**What to work on:**
Without any pictures, print the lines below from the one that has "In order to know" through the one that has "Be sure to uncheck", exactly and nothing else.

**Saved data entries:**
-------------------------

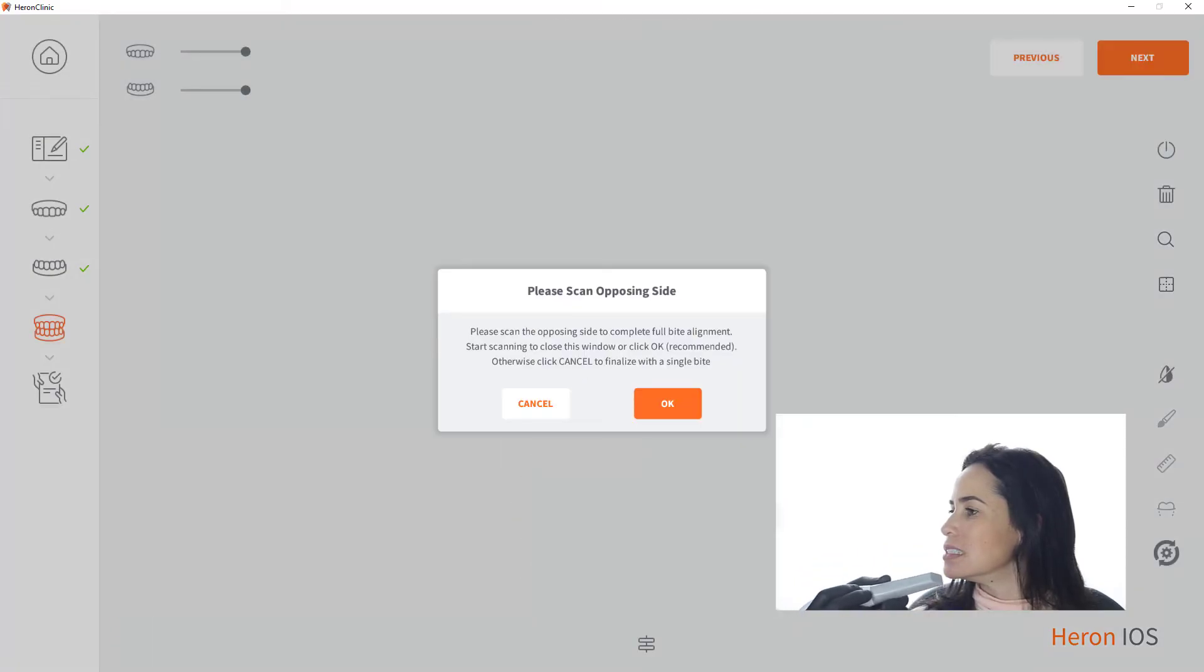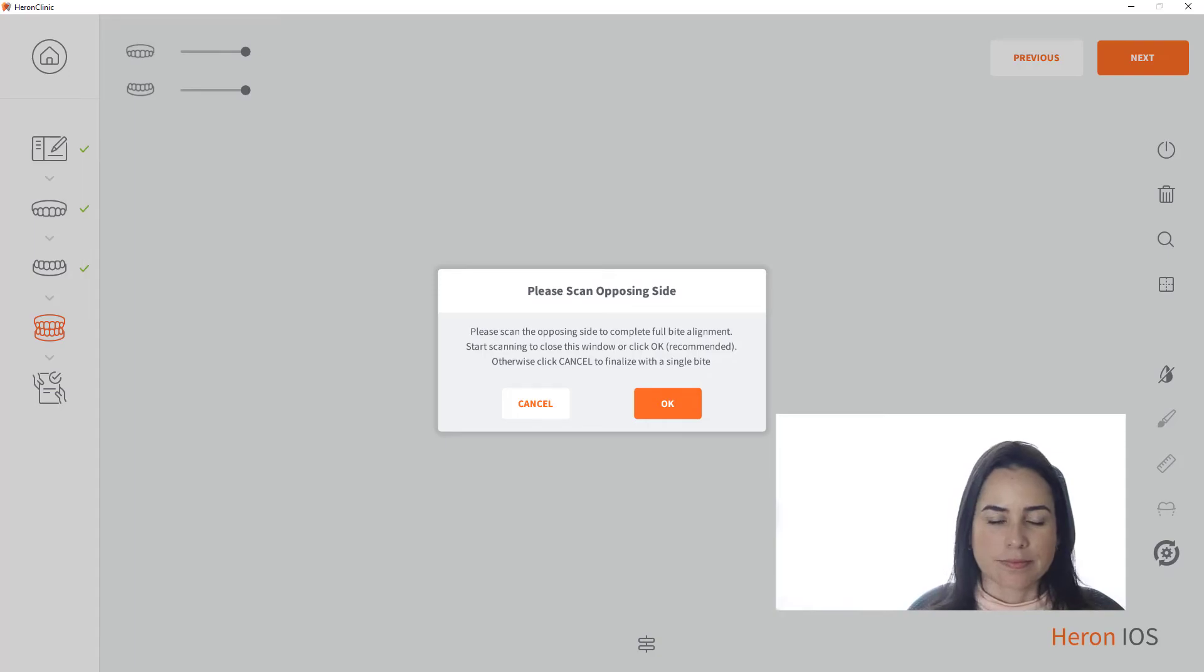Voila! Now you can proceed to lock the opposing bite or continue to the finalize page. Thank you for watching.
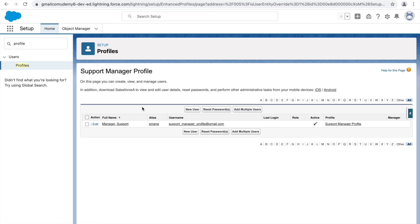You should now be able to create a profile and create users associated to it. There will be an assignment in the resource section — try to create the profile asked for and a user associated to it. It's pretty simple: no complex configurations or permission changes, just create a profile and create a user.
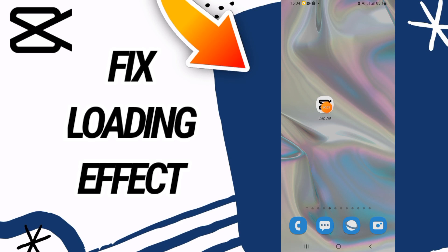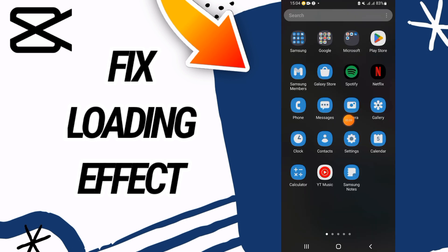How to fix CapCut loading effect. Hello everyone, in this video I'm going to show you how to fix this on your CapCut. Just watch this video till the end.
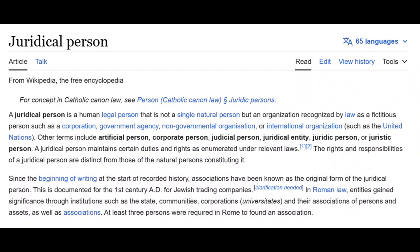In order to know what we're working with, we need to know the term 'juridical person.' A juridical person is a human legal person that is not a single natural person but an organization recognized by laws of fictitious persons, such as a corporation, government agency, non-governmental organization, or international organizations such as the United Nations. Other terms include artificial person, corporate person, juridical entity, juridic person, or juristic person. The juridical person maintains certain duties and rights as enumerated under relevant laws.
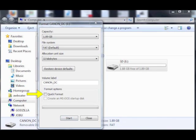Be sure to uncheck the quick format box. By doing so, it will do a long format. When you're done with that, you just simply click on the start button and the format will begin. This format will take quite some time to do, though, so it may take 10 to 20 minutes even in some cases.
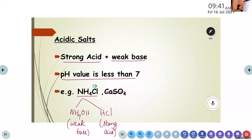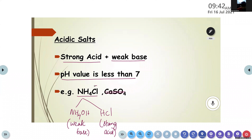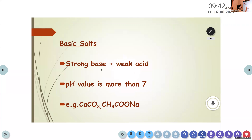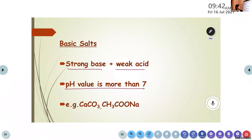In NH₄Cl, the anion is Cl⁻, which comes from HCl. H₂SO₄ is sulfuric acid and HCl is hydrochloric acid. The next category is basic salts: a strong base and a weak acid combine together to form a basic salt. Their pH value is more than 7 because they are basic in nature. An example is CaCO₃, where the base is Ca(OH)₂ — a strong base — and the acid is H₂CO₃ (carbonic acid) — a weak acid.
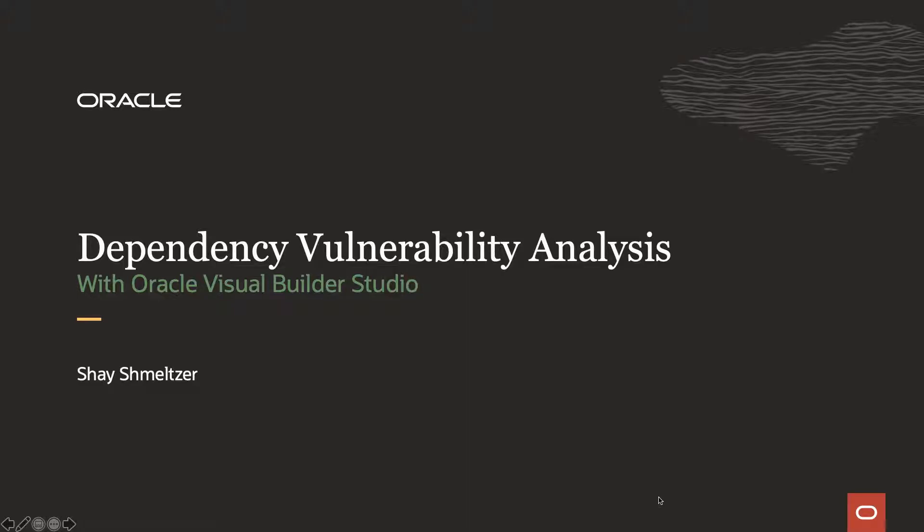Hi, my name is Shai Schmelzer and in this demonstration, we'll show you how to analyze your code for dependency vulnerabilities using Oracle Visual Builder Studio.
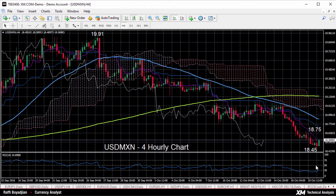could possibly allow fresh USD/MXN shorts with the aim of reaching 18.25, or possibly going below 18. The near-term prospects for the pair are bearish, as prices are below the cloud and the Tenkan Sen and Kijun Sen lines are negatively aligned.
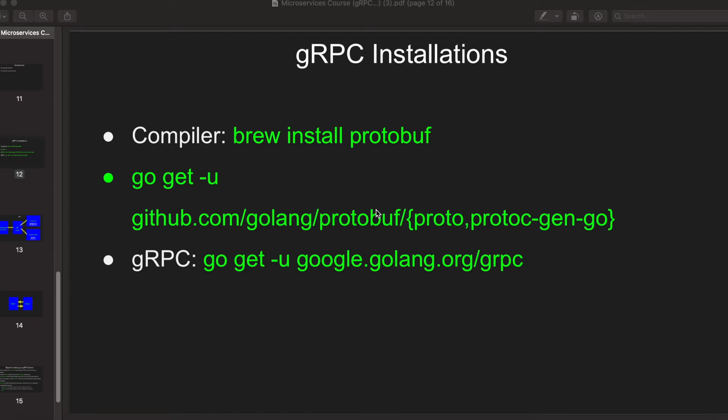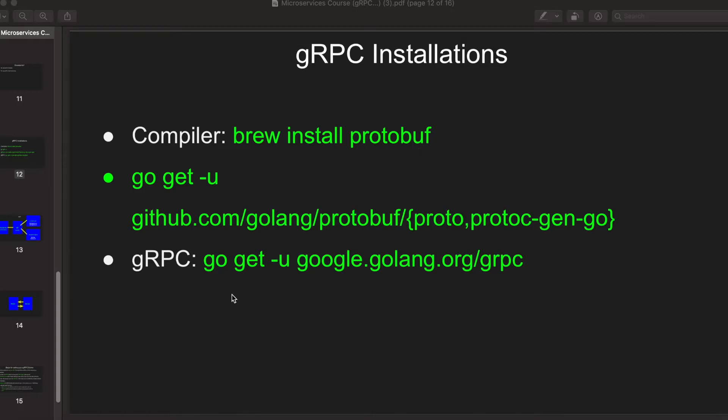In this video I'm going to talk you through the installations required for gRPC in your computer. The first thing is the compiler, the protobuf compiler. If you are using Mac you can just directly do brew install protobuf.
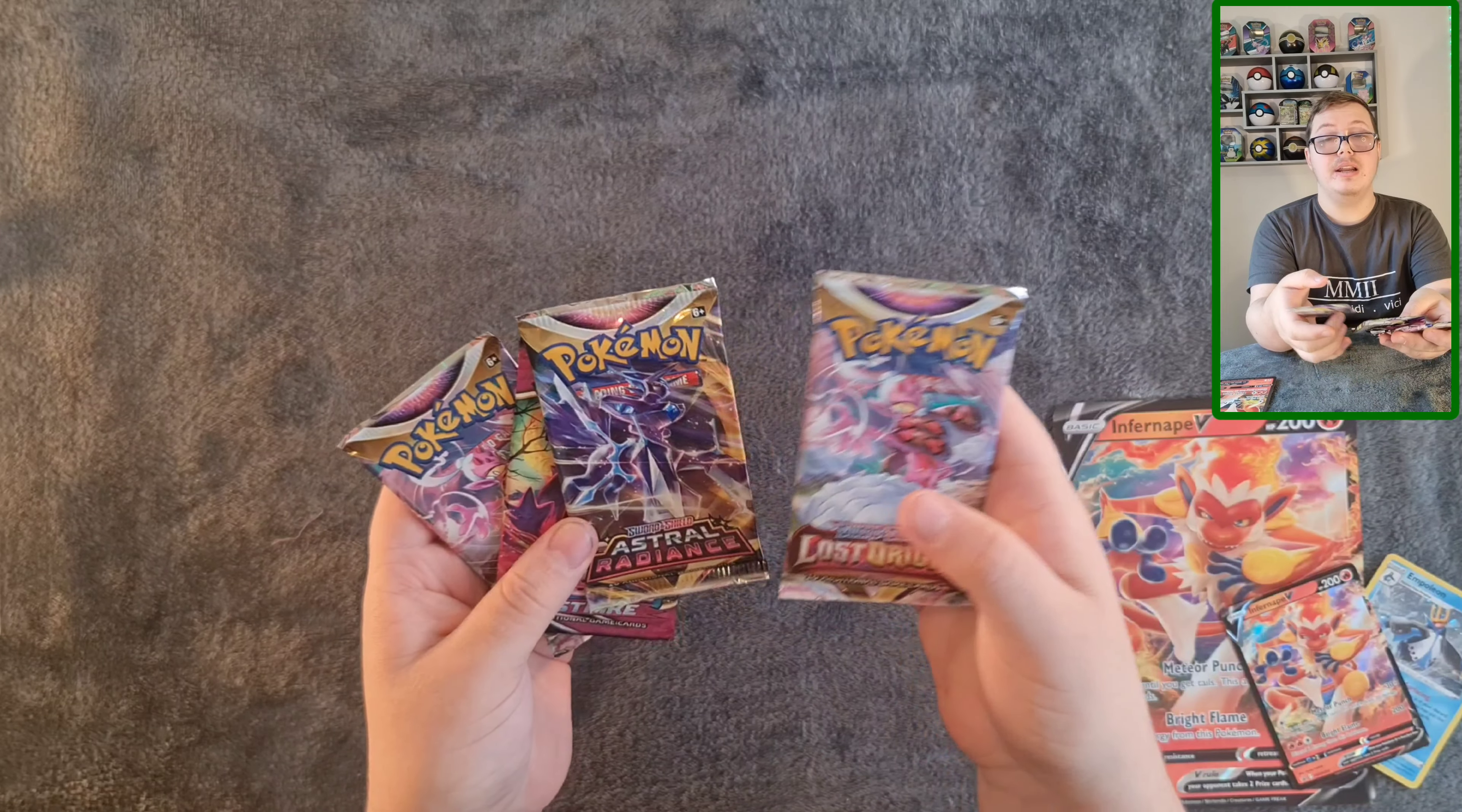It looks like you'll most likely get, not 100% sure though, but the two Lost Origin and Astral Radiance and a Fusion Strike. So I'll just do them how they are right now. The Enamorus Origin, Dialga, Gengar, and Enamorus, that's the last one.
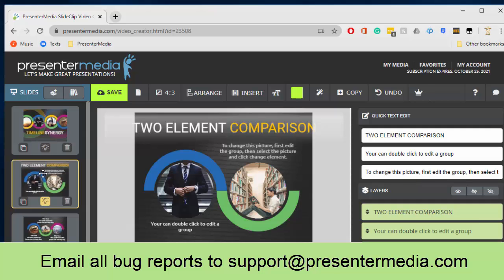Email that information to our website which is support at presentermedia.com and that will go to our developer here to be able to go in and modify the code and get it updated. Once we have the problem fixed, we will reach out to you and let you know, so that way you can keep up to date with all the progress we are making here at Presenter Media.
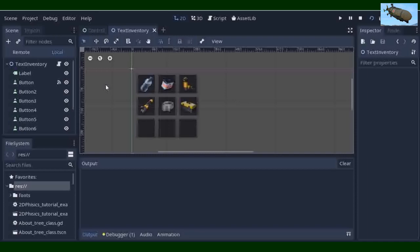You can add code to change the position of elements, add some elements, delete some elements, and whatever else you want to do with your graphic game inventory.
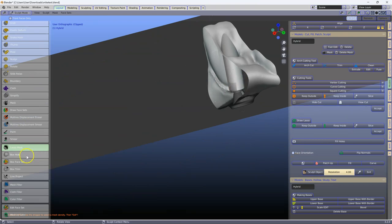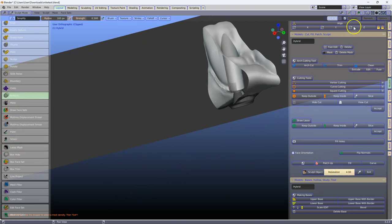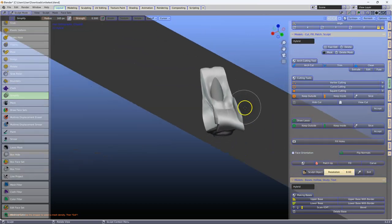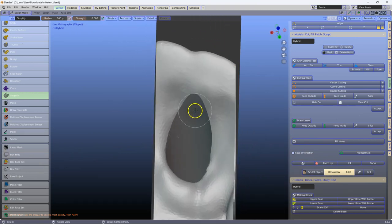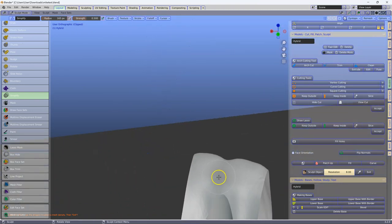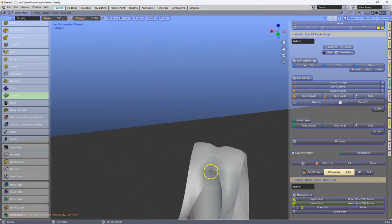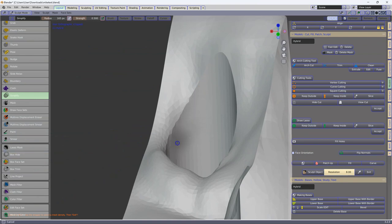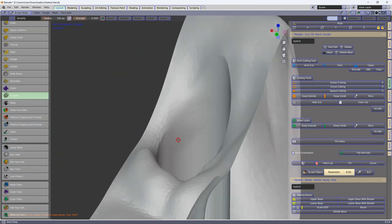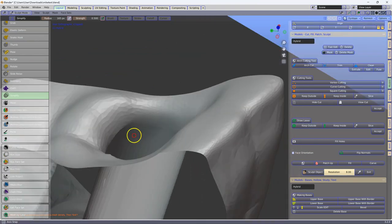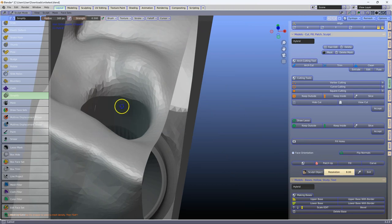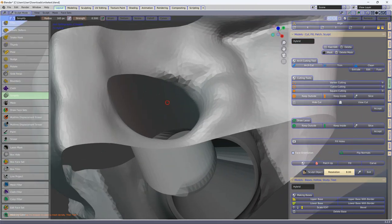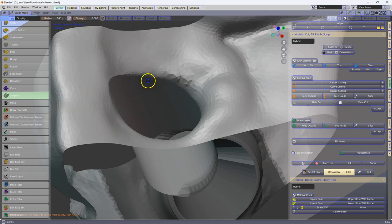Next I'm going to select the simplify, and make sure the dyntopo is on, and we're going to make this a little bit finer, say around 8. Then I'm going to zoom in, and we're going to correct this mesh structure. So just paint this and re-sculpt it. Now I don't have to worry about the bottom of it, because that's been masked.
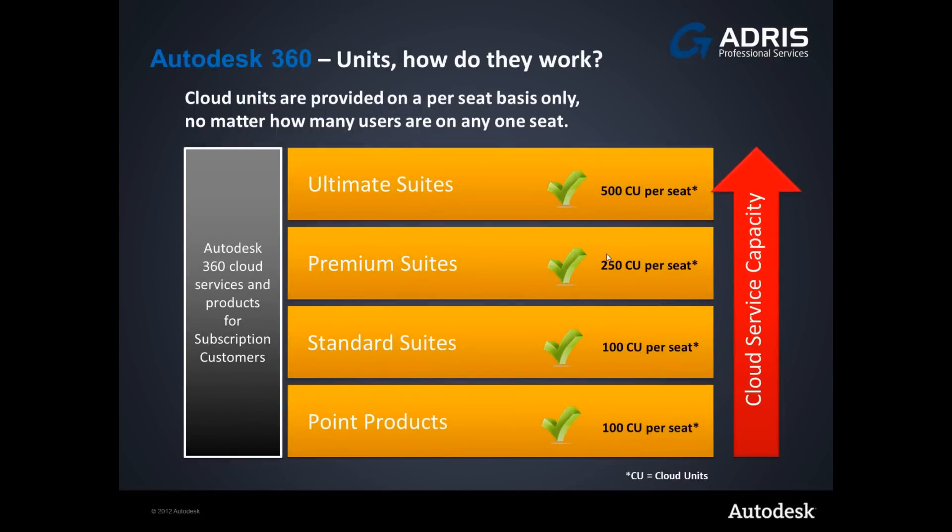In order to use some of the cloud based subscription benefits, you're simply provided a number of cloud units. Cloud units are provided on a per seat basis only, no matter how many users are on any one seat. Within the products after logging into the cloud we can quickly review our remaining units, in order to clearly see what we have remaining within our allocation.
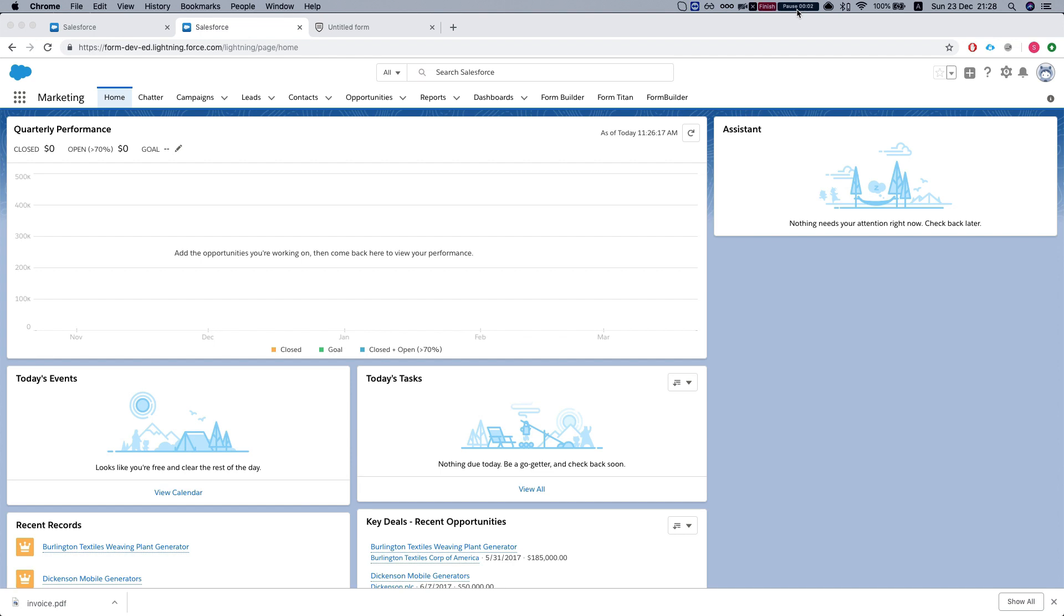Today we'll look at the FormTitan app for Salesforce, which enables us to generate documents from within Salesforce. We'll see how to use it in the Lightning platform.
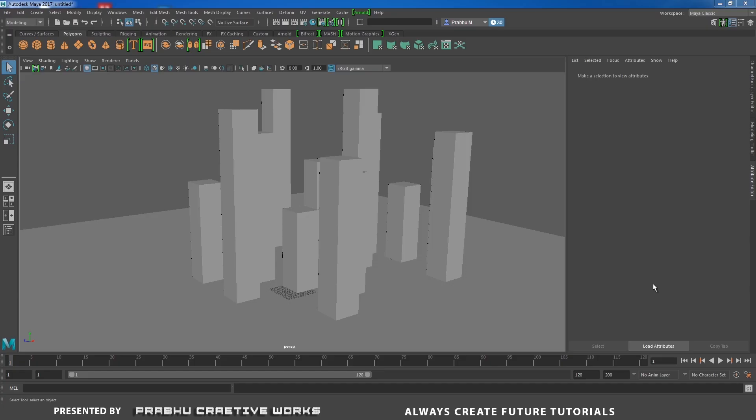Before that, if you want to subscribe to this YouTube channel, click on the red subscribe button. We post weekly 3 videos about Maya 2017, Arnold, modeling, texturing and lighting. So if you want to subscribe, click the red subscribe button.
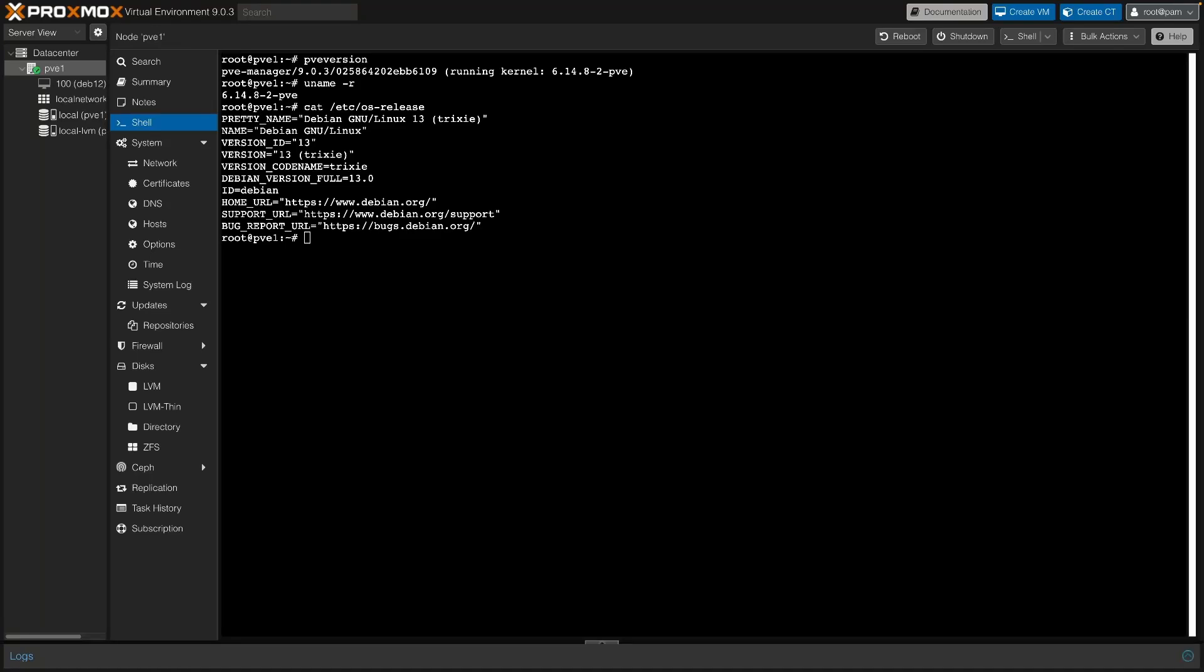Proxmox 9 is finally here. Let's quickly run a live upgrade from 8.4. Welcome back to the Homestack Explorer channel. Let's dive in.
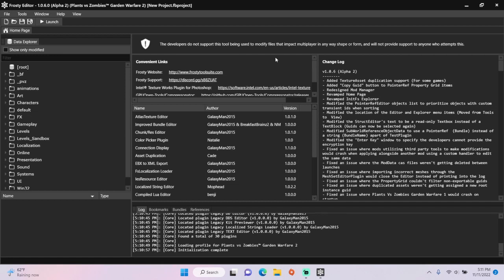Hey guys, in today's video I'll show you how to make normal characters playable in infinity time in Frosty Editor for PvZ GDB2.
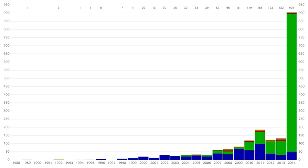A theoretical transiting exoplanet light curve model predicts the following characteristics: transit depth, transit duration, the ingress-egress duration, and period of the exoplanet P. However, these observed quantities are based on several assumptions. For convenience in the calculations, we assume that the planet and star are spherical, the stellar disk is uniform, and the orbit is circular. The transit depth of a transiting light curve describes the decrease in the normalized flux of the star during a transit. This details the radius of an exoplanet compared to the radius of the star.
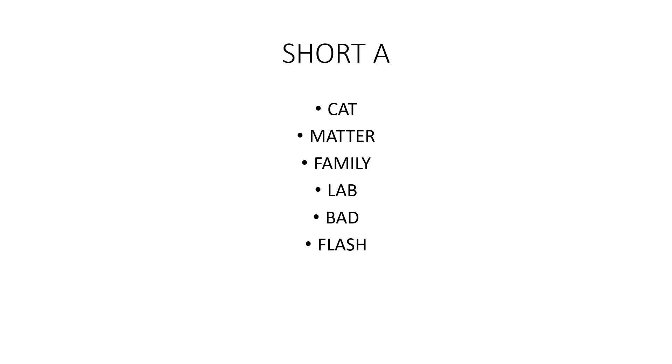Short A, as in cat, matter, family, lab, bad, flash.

-------------------------

**Result of the task:**
In order to know what we're working with, we need to know the term 'juridical person.' A juridical person is a human legal person that is not a single natural person but an organization recognized by laws of fictitious persons, such as a corporation, government agency, non-governmental organization, or international organizations such as the United Nations. Other terms include artificial person, corporate person, juridical entity, juridic person, or juristic person. The juridical person maintains certain duties and rights as enumerated under relevant laws.
Be sure to uncheck the quick format box. By doing so, it will do a long format. When you're done with that, you just simply click on the start button and the format will begin. This format will take quite some time to do, though, so it may take 10 to 20 minutes even in some cases.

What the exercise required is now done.